> _PROMPT_: A faithful copy is needed of the lines below from the one with "Duro ID# 51046" up to and including the one with "Ultrasonic Vinyl Record"; set it down with no pictures and no other lines.

> _SOURCE INFORMATION_:
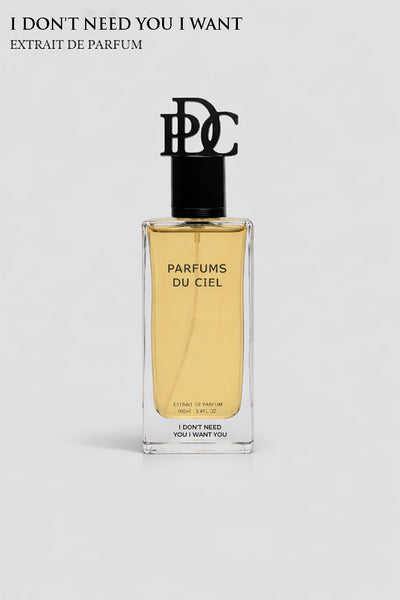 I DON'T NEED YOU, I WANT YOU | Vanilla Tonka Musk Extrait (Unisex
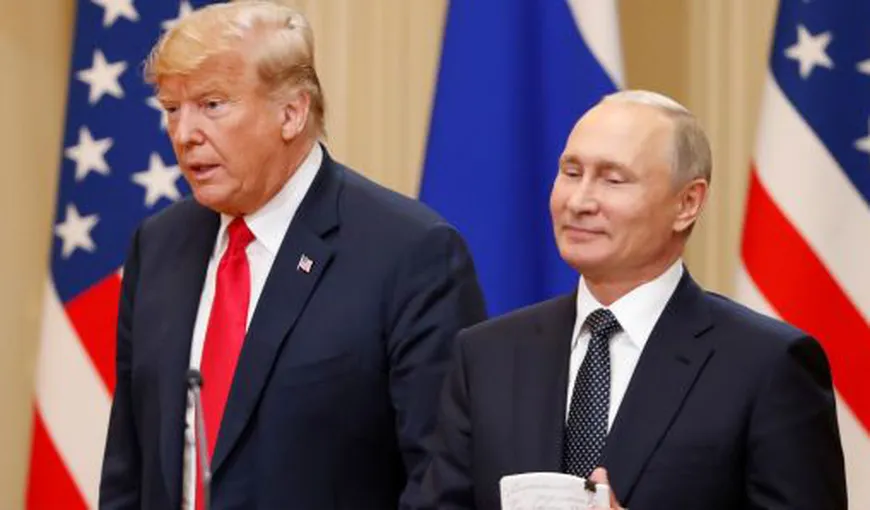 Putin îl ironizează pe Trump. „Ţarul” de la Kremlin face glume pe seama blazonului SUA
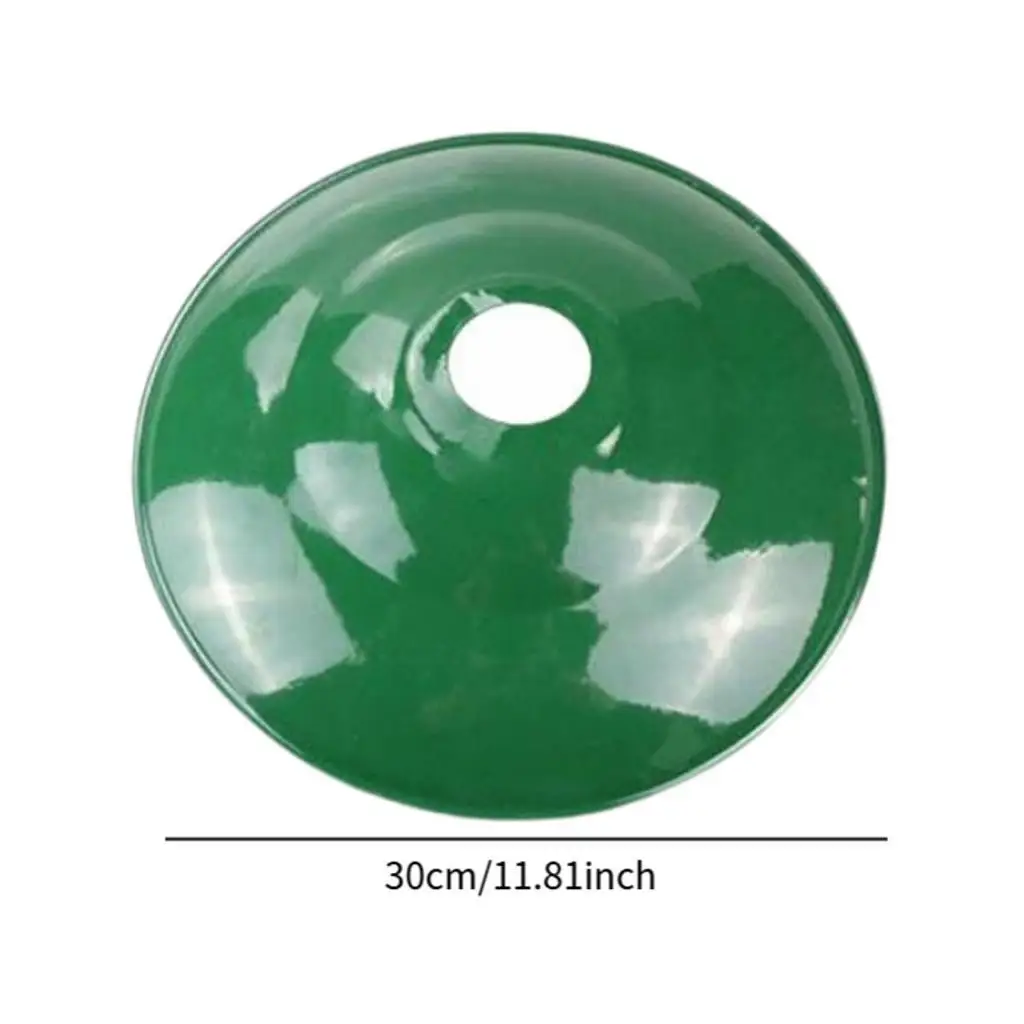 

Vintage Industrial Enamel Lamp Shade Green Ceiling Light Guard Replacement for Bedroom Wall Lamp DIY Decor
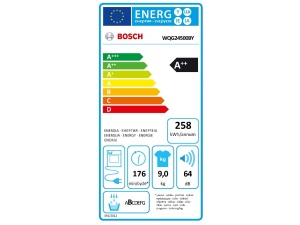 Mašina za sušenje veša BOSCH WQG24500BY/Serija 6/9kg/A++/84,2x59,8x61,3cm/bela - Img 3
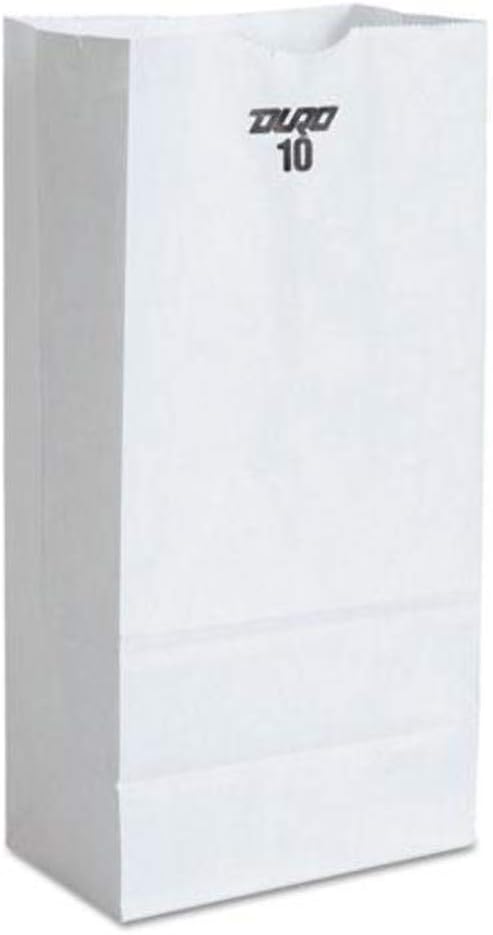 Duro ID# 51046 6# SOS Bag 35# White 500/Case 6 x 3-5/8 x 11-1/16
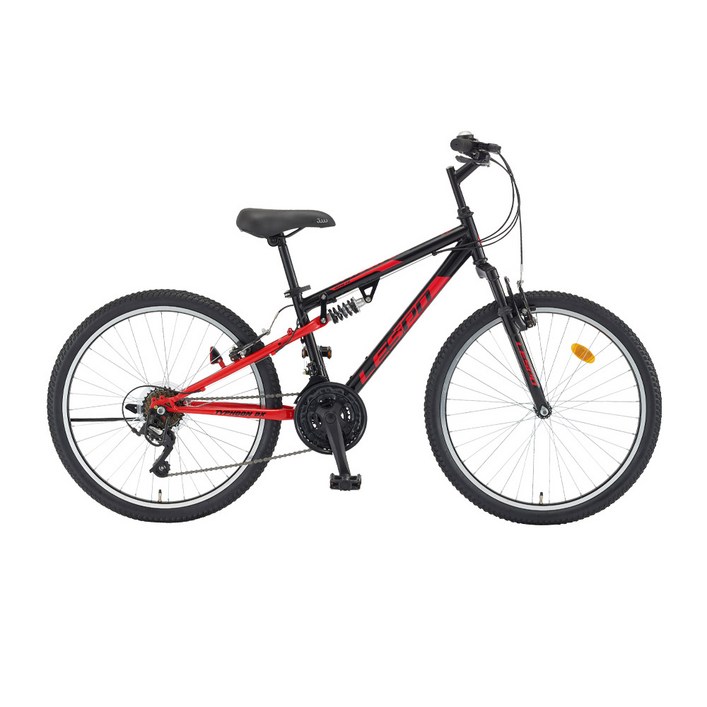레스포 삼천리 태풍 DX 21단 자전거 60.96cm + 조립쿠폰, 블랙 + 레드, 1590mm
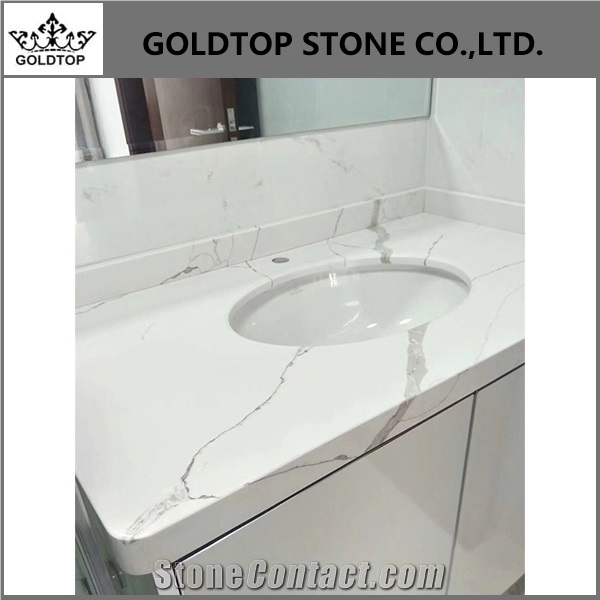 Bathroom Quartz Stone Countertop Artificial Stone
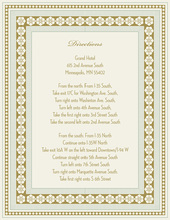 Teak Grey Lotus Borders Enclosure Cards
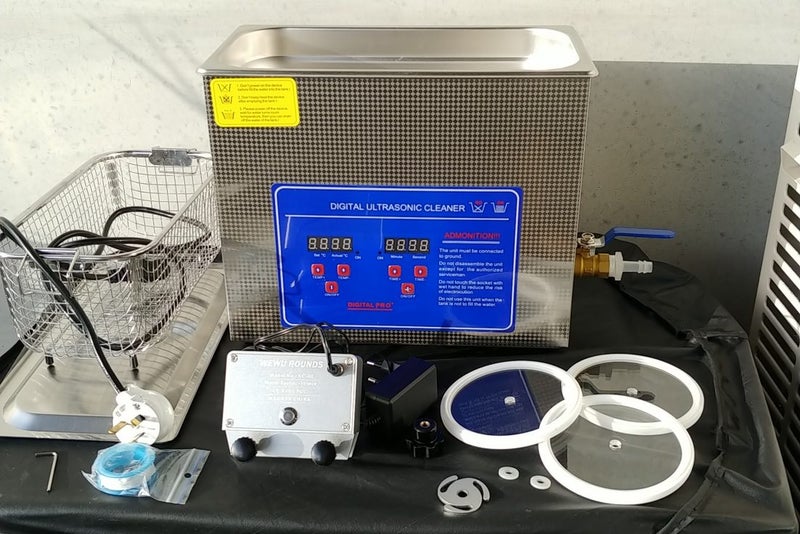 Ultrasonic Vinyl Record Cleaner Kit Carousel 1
* * *
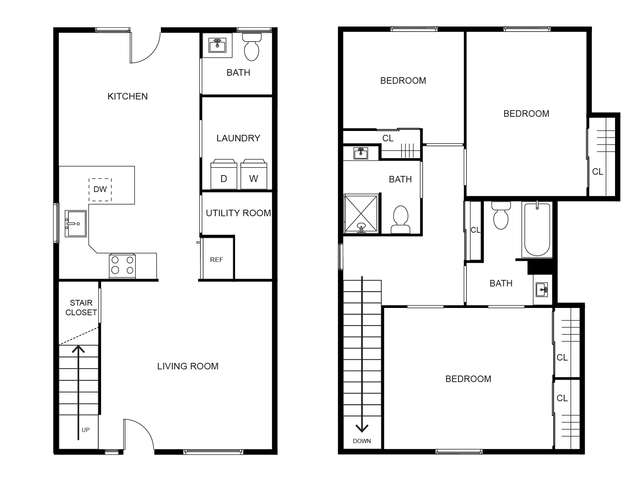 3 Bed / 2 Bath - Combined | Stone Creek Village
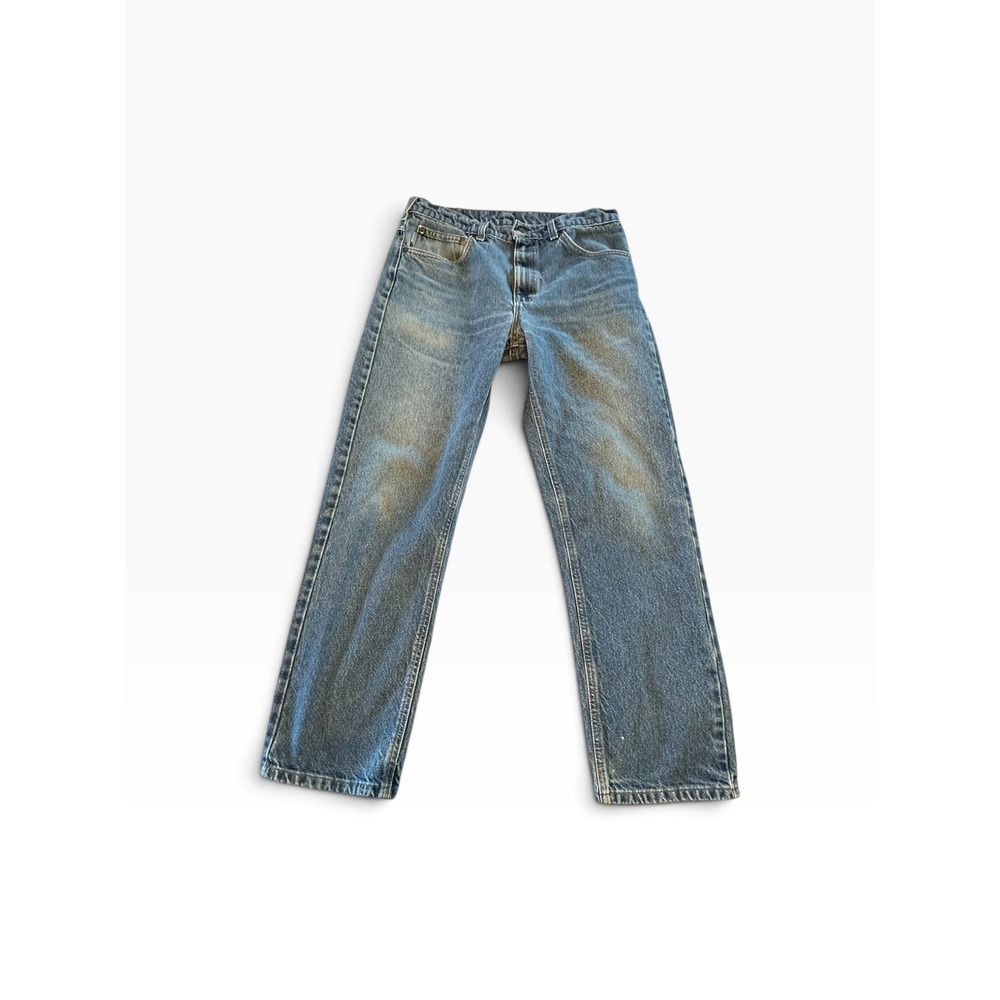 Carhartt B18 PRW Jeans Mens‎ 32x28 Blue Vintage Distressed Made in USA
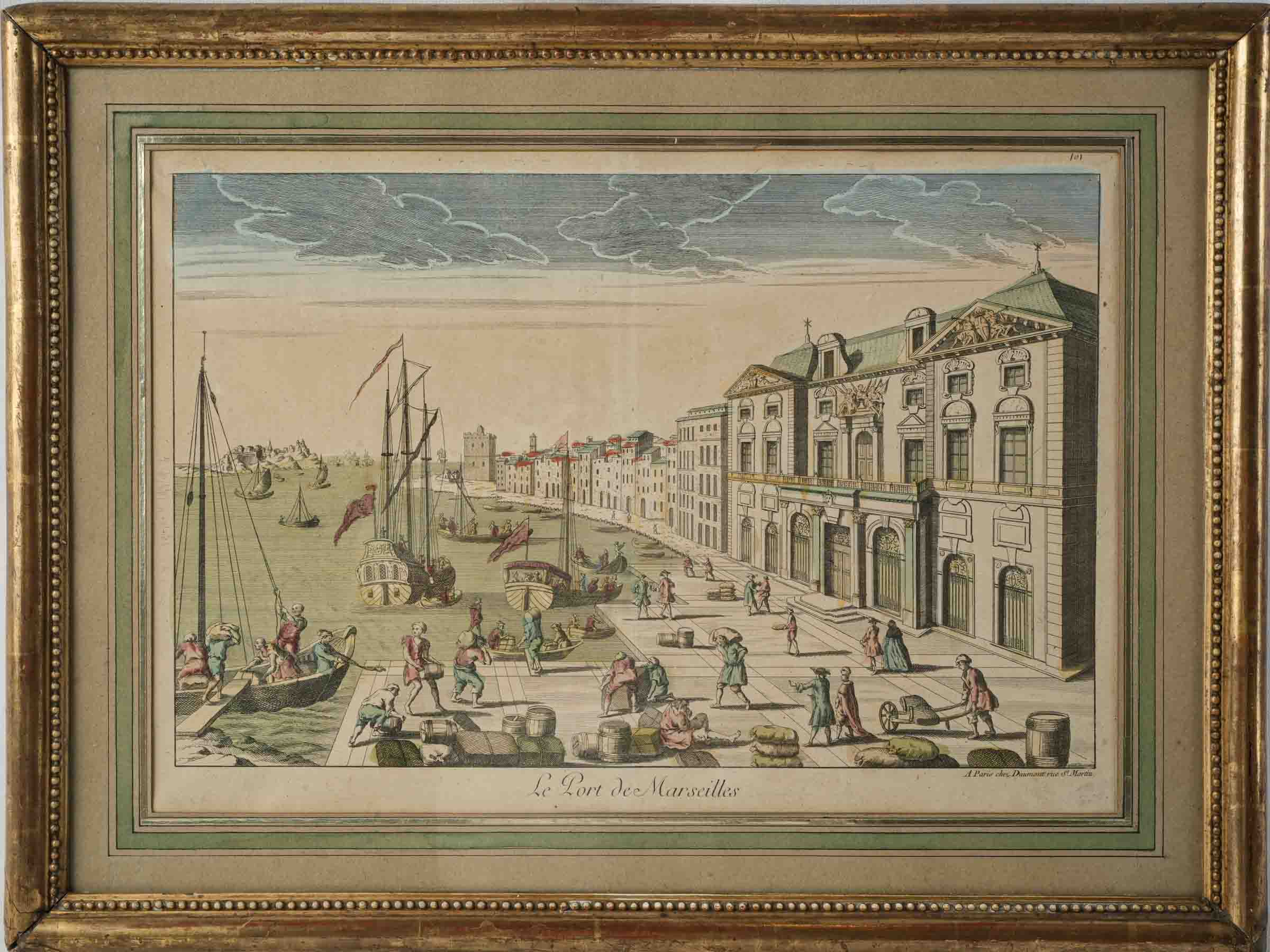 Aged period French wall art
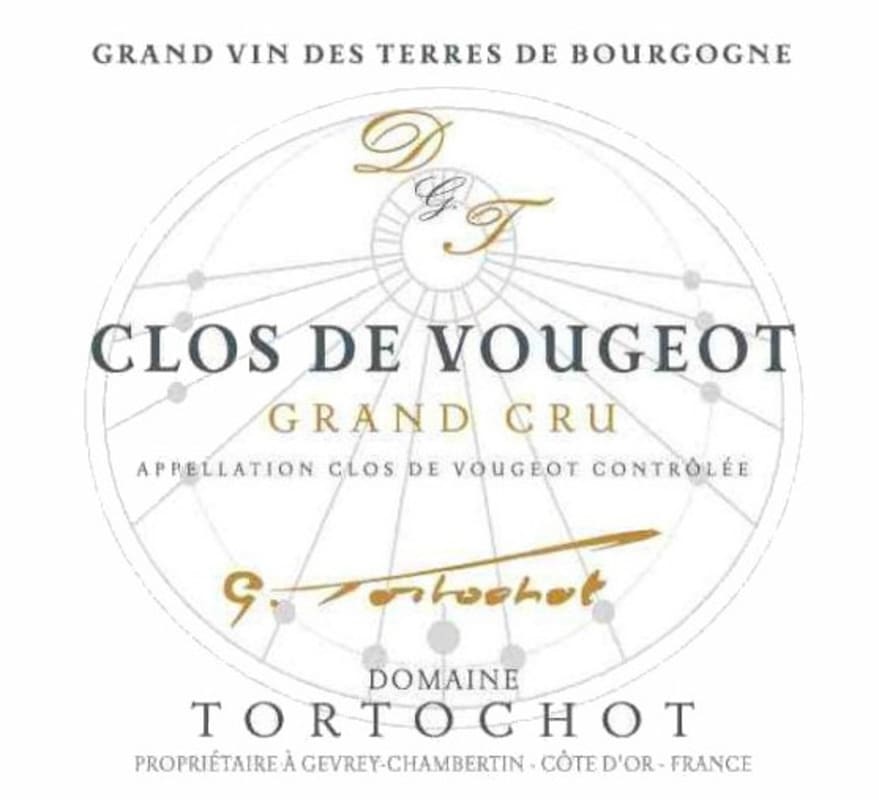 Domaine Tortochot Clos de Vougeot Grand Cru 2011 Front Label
...
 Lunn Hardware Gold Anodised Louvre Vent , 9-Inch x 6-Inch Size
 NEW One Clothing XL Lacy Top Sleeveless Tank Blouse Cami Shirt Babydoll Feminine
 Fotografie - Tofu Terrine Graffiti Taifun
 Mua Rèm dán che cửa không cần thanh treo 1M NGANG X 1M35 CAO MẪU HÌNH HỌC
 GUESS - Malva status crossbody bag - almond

> _ANSWER TO THIS PROBLEM_:
 Duro ID# 51046 6# SOS Bag 35# White 500/Case 6 x 3-5/8 x 11-1/16
레스포 삼천리 태풍 DX 21단 자전거 60.96cm + 조립쿠폰, 블랙 + 레드, 1590mm
 Bathroom Quartz Stone Countertop Artificial Stone
 Teak Grey Lotus Borders Enclosure Cards
 Ultrasonic Vinyl Record Cleaner Kit Carousel 1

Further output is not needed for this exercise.